1. For each candidate split point `i`, compute the mean of the segment so far (from the last change-point up to `i`) and the mean of the next `window` points.
2. Compute the standard error of the difference: `SE = sqrt(var_before/n_before + var_after/n_after)`.
3. If `|mean_after - mean_before| / SE > threshold`, it's a change-point.
4. Both variances are floored by a global MAD-based sigma estimate, so locally-tiny variance (from short or smooth segments) can't blow up the test statistic.

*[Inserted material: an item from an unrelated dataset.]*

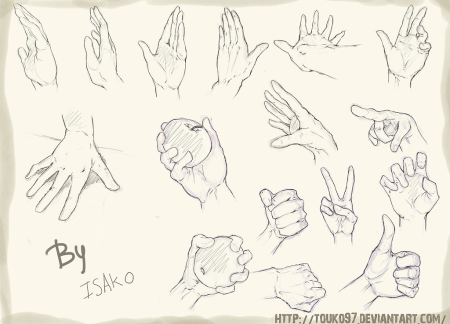 Человек машет рукой реф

This is the 1-D specialization of GIGI's `/brain/episodic` endpoint — one of [twelve brain primitives](https://github.com/nurdymuny/gigi/blob/main/BRAIN_PRIMITIVES_CONSUMER_GUIDE.md) unified by the Friston master equation on a Kähler bundle. gigi-episodes makes this single primitive portable; the eleven others live in GIGI.

## License

MIT. Free for any use, commercial or otherwise. See [LICENSE](LICENSE).

## Related

- [GIGI](https://davisgeometric.com) — the fiber-bundle database engine; gigi-episodes's `GigiBackend` calls it. EPISODIC is one of twelve brain primitives.
- [DreamData](https://github.com/nurdymuny/dream-data) — synthetic-data CLI using GIGI's DREAM primitive. Sibling project.
- [gigi-mind](https://github.com/nurdymuny/gigi-mind) — VS Code extension exposing all twelve brain primitives. Sibling project.

## Status

**v0.1.0** — stable for the documented surface (1-D LocalBackend + CLI + GigiBackend skeleton). API may evolve in 0.x; will stabilize at 1.0.